= Rational living therapy =

Form of cognitive behavioural therapy

Rational living therapy (RLT) is a form of cognitive behavioral therapy (CBT) developed by Aldo R. Pucci, Psy.D., DCBT the current president of the National Association of Cognitive-Behavioral Therapists and founder of the Rational Living Therapy Institute.

RLT utilizes elements of rational emotive behavior therapy, rational behavior therapy, and cognitive therapy in a systematic approach in which the therapy progresses through a series of set points.

RLT is a motivational therapy which utilizes Rational Motivational Interviewing techniques to help the client effect positive change. It utilizes empirical research in the areas of linguistics, cognitive development, learning theory, general semantics, neuro functioning, social psychology and perception, and linguistics.

Rational living therapy avoids diagnosing clients according to the criteria set forth in the Diagnostic and Statistical Manual of Mental Disorders (DSM). The belief is that the diagnoses in the DSM only serve to label a series of behaviors and by doing so creates a negative perception in the client that they "have" or "suffer from" a "disorder" which leads to a feeling of hopelessness and therefore impedes positive change.

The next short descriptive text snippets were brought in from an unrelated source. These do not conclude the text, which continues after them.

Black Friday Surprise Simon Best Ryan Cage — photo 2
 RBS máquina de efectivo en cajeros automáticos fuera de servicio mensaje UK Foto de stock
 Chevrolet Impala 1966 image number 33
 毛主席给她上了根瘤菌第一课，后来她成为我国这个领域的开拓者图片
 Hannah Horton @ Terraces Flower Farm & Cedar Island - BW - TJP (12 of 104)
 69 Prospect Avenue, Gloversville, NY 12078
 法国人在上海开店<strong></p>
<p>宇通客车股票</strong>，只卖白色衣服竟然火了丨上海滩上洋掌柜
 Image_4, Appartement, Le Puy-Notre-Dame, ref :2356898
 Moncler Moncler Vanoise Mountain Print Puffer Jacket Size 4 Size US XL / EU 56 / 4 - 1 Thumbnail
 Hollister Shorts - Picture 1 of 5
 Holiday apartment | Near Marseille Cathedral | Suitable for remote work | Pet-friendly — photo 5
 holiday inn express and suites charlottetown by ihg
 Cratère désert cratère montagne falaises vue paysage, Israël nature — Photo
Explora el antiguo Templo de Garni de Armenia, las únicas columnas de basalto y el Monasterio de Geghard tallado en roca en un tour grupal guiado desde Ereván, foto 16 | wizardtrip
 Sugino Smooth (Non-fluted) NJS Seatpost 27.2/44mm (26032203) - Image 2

RLT doesn't adhere to the standard CBT emphasis on "self acceptance" and does not adhere to the common concepts of self-esteem and self-confidence instead utilizing what Pucci refers to as the "Four A's" and concentrating on rational self counseling and underlying assumptions the client may have. The belief is that by doing so the therapy takes on a deeper role leading to more long term behavioral change.

An optional component termed rational hypnotherapy is also utilized by some therapists. It is believed hypnotherapy serves as an addendum to the conventional talk aspects of the therapy speeding along and facilitating the process. RLT therapists are certified via taking additional training.